I made resolutions. On new year days, on my birthdays. Sometimes on my son’s birthdays, or on the first of some month, even on Bengali new year days.

Most of them did not work. 

Resolutions are the promises we make to ourselves. I made promises to myself that I would exercise everyday, won’t eat sweets, complete my todos methodically, won’t waste my time, blah blah … 

I did not keep most of them. 

I once read: if we break promises to others as many times as we do to ourselves, they’d never talk to us. 

I will always talk to myself. I could take myself for granted. 

But aren't promises meant to be broken anyway?

Promises are safeguards for things that someone may not do otherwise. In many cases, unlikely to do otherwise. Promises have “I may not” written all over them. If someone was going to do something anyway, you wouldn’t need him to make a promise about it. That’s why promises are doomed to be broken the moment they are made. Mostly, it is only a matter of time, depending on what is at stake. 

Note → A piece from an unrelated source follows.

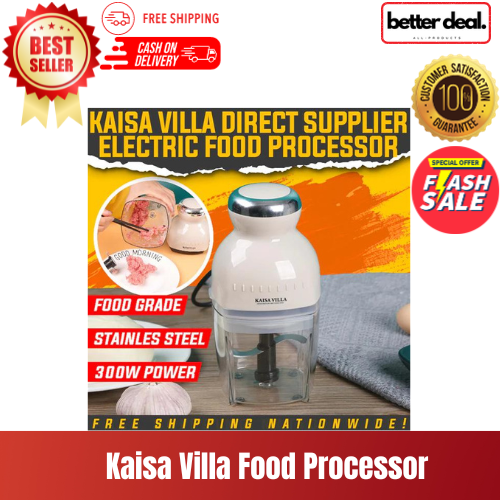 Kaisa Villa Food Processor Lazada PH
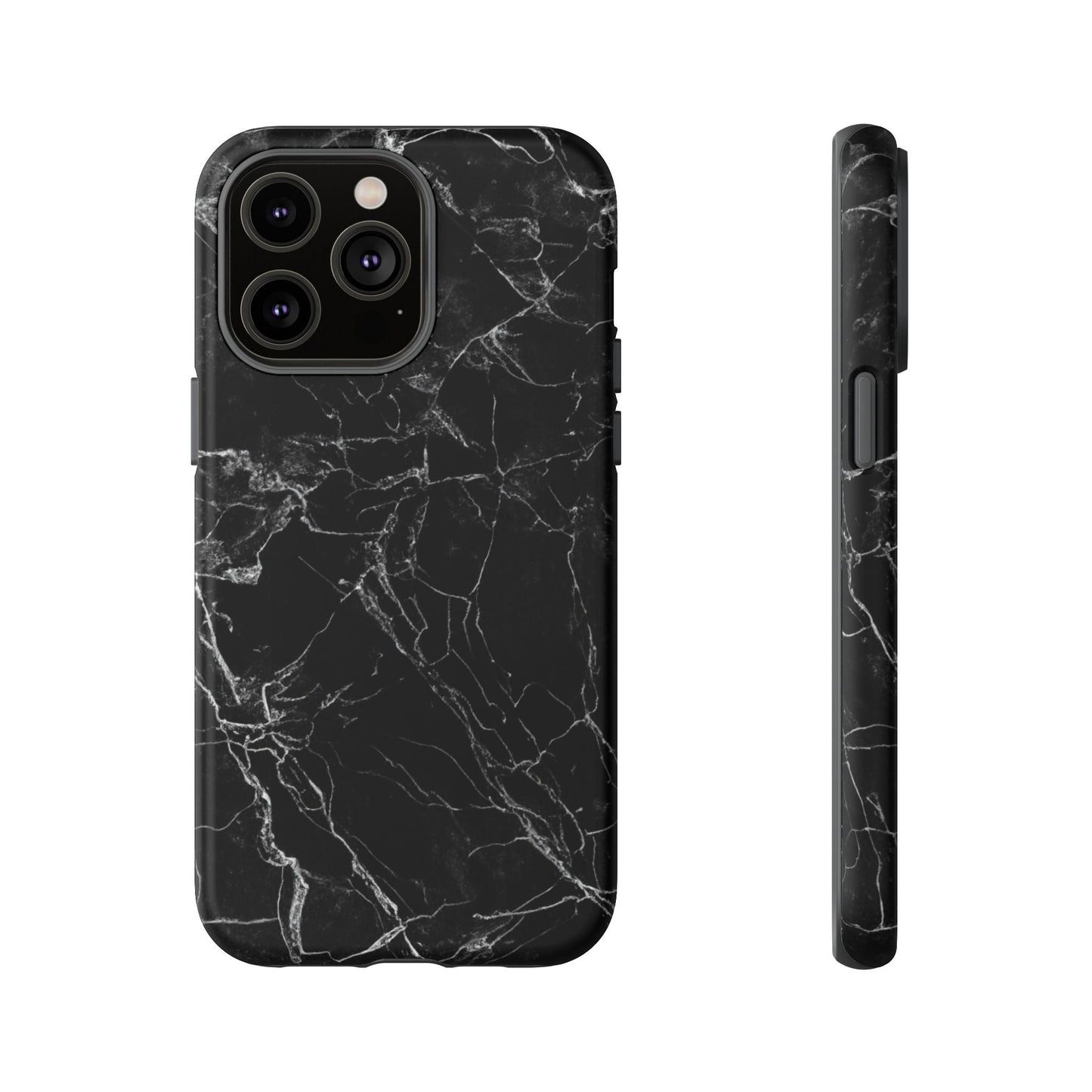 iphone case Midnight Marble Elegance iPhone 14 Pro Max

One time promises are easier to fulfil. My son made me promise that I would come home early that evening and play with him. Or, I would bring him his favorite toy. I would remember that, and I will take care to do that. But promises such as “I will always do it” or “I will never do it” are incredibly hard. 

The resolutions were promises on habits.  The always or never kind. They didn’t work. 

Perhaps, not making promises would work. Perhaps, knowing that resolutions don’t work would work. 

After all, if someone is likely to do something anyway, there is no need to make a promise about it.